Starting in 2016, we began to see a pendulum swing away from prescribing opioids for chronic pain. The change was rapid, driven by new evidence, public discourse and various regulatory and policy levers. Unfortunately, these changes have had significant unintended consequences, as access to opioids for pain was reduced without offering accessible, affordable alternatives. Many Canadians who used opioids to manage pain have been weaned or cut off their medications. We know, through both research and the stories of people with lived experience, that this has driven some people towards the toxic drug supply, with devastating and sometimes deadly results. While governments have noted these unintended consequences of the revised prescribing guidelines, we have not seen a shift in practice, nor a reduction in overdoses. Some people who live with pain have called out the irony of safe supply, with de-prescribing opioids for pain on one hand and prescribing opioids for addiction on the other.
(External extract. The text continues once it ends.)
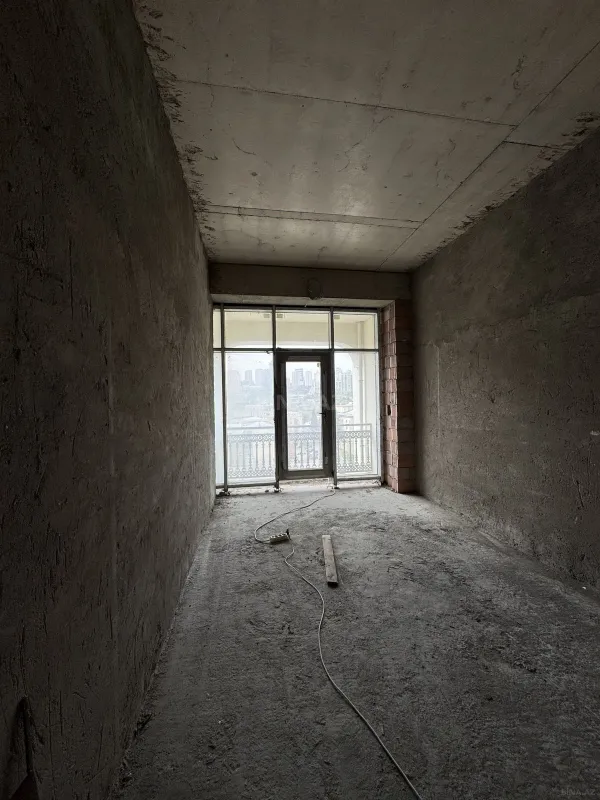 Satılır 4 otaqlı mənzil 246 m²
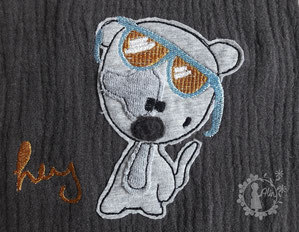 Stickdatei Embroidery kostenlos free Freebie Applikation doodle Hund Sonnenbrille dog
As an organization, we care about all people who live with pain, so this distinction between “legitimate” pain patients, as sometimes has been noted—meaning people who don't live with addictions—and people who live with concurrent pain and addictions.... To us, everyone who lives with pain deserves care.
The overdose crisis has continued unabated, despite tremendous investment in prevention, harm reduction and treatment. What has lacked investment is pain management as an essential component of our health system and our overdose response.
The Canadian pain task force was mandated to assess the state of chronic pain in Canada, to advise on best practices and to make specific policy recommendations in the form of a national action plan. This action plan was released by Health Canada in April 2021, and implementation is ongoing through top-down and bottom-up approaches.